Ten to One Rum — Roots, Reinvention, and Raising the Bar
What does it take to walk away from one of the most recognizable brands in the world and bet everything on rum? For Marc Farrell, founder and CEO of Ten to One Rum, the answer started long before the boardroom — it started in Trinidad and Tobago, where he grew up surrounded by a culture as rich and layered as the blends he would one day create.
In the latest episode of Proof of Concept, Toby Blue and Jason Rabinowitz sit down with Farrell to trace the arc of a remarkable journey — from earning a place at MIT at just 16 years old, to becoming the youngest VP in Starbucks history, to eventually founding an award-winning rum brand that is quietly rewriting the rules of an entire category.
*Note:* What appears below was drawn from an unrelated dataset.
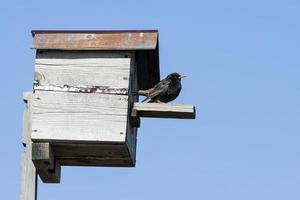 Starling sitting on a birdhouse photo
The name Ten to One carries history in every syllable. Drawn from a rallying phrase by Trinidad & Tobago's first Prime Minister, Dr. Eric Williams — "One from ten leaves zero" — it speaks to the power of Caribbean nations standing united. That spirit of togetherness runs through every bottle: a pan-Caribbean blend drawing from Trinidad, Barbados, Jamaica, the Dominican Republic, and beyond, crafted without additives, coloring, or shortcuts.
Farrell's mission was never just to make great rum. It was to challenge the outdated "pirates and plantations" narrative that had long defined the category, and replace it with something that reflected Caribbean excellence on its own terms. No added sugar. No artificial flavor. Just rum that earns its place alongside fine whiskey and tequila.
In this conversation, Farrell opens up about the resilience required to turn a vision into a movement — the early doubts, the breakthrough moments, and what it means to build a brand that honors heritage while refusing to be defined by it. He also reflects on what mentorship from Howard Schultz taught him, and how his background in chemical engineering quietly informs every blending decision.
It's the kind of story that Proof of Concept was built for: a founder who saw a category in need of reinvention, and had the courage — and the craft — to do something about it.